- _Exercise prompt_: Print, exactly as they stand, the lines below from the one that has "DKNY T-Shirt print Media 1" to the one that has "2012 Volvo S80", inclusive, leaving out the pictures.

- _Material provided_:
============================================================

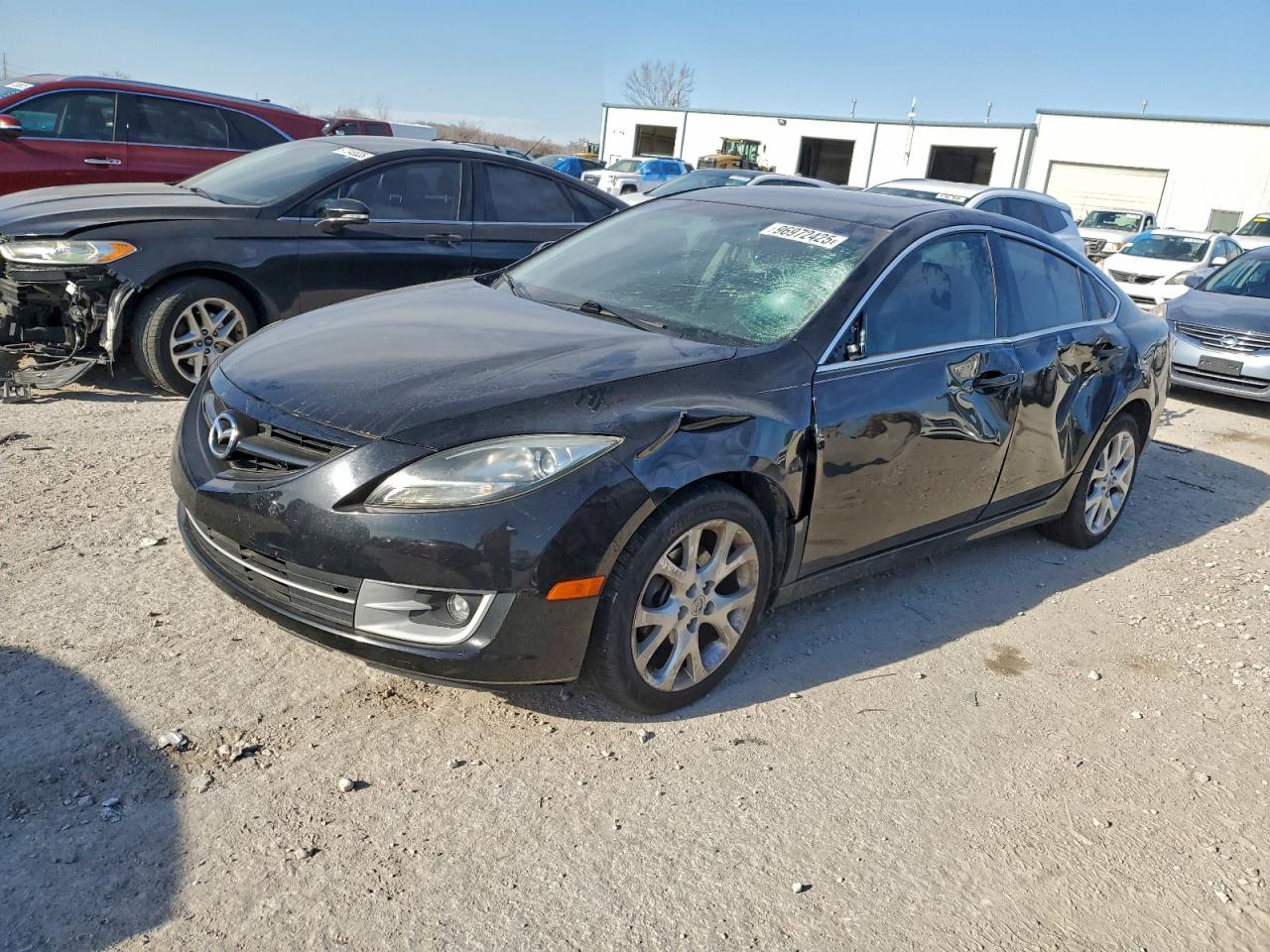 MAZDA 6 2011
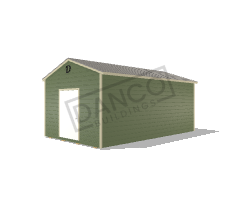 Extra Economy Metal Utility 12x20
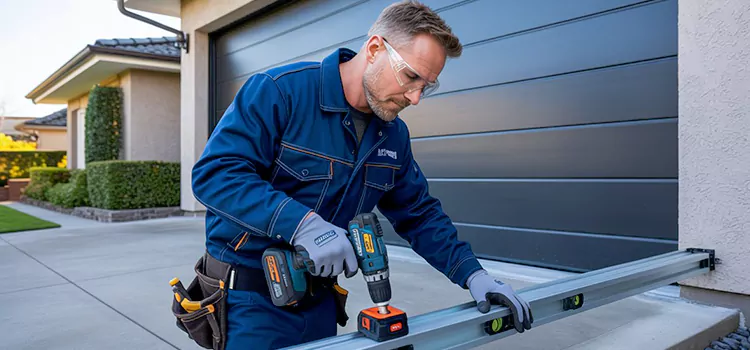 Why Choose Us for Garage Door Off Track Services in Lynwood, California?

============================================================

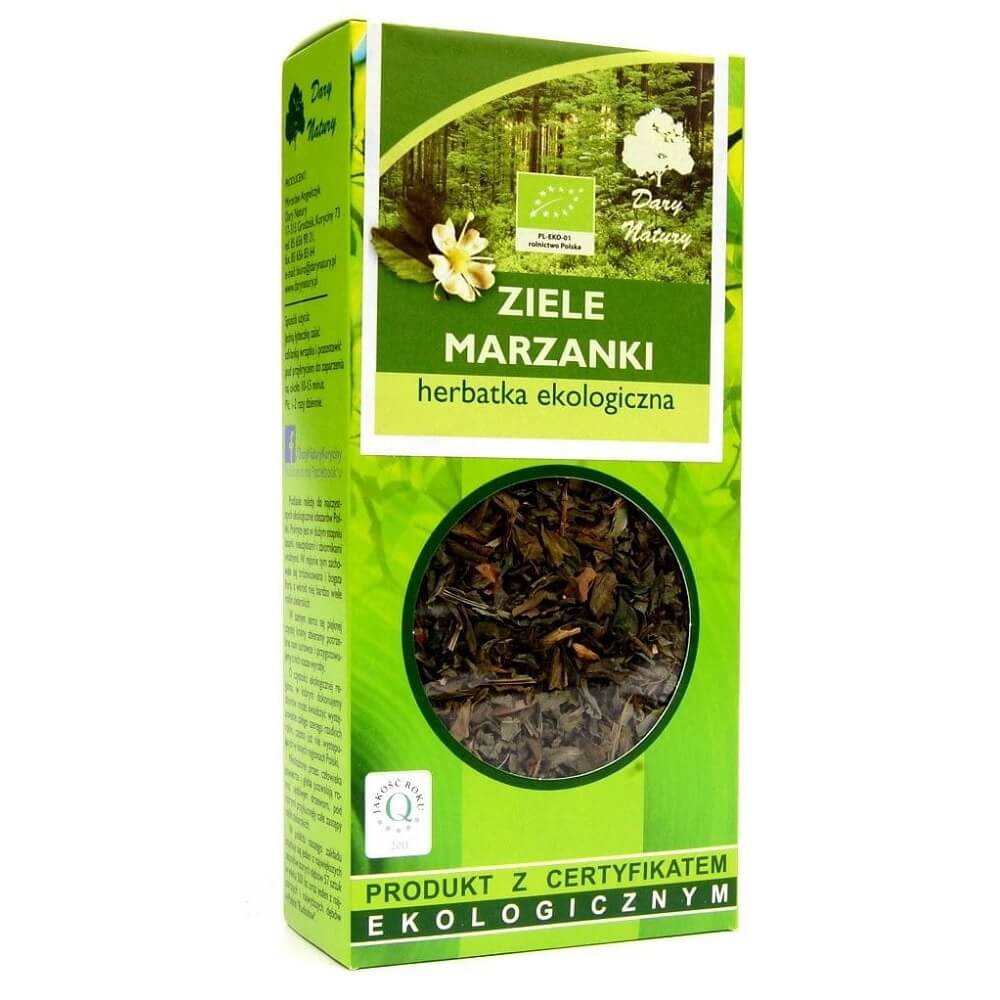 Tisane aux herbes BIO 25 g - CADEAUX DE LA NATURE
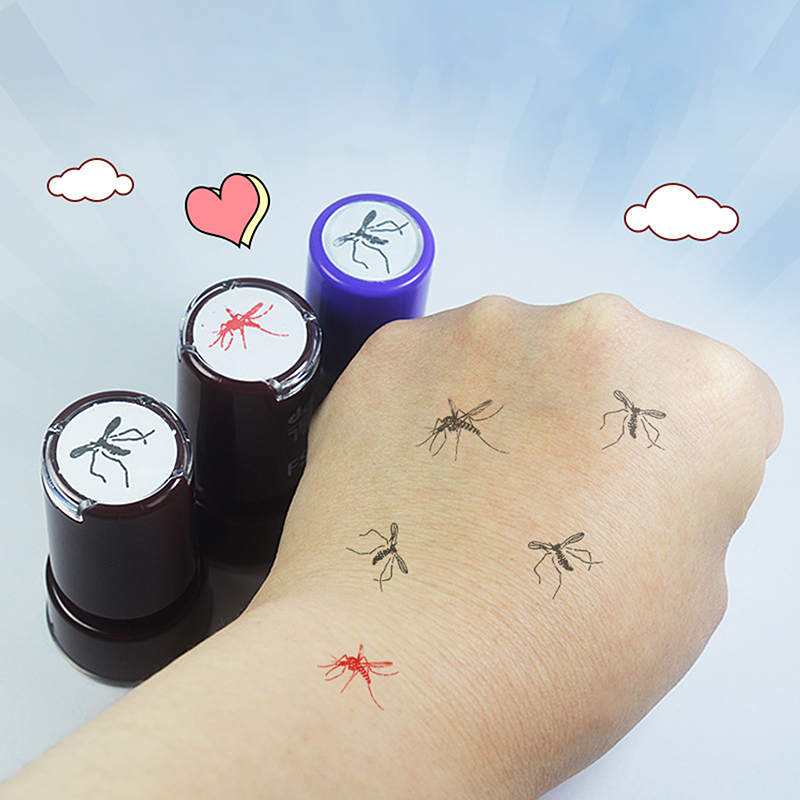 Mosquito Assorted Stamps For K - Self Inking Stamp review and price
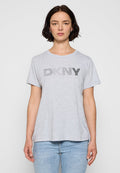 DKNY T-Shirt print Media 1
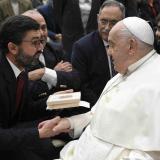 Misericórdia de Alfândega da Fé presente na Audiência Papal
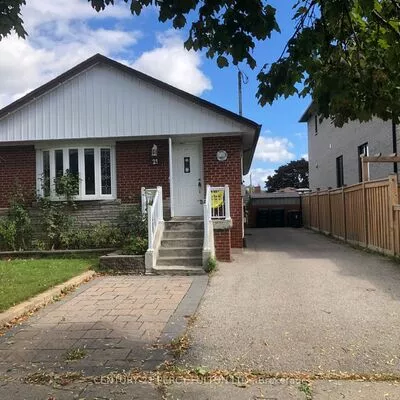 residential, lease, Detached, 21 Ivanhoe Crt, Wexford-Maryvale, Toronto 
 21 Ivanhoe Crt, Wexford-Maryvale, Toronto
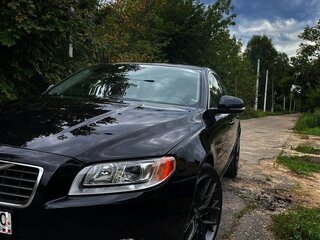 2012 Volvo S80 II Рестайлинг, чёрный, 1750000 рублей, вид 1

============================================================

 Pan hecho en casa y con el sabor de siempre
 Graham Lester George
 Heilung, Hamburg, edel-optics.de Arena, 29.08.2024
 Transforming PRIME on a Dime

============================================================

- _Task solution_:
 DKNY T-Shirt print Media 1
 Misericórdia de Alfândega da Fé presente na Audiência Papal
 residential, lease, Detached, 21 Ivanhoe Crt, Wexford-Maryvale, Toronto 
 21 Ivanhoe Crt, Wexford-Maryvale, Toronto
 2012 Volvo S80 II Рестайлинг, чёрный, 1750000 рублей, вид 1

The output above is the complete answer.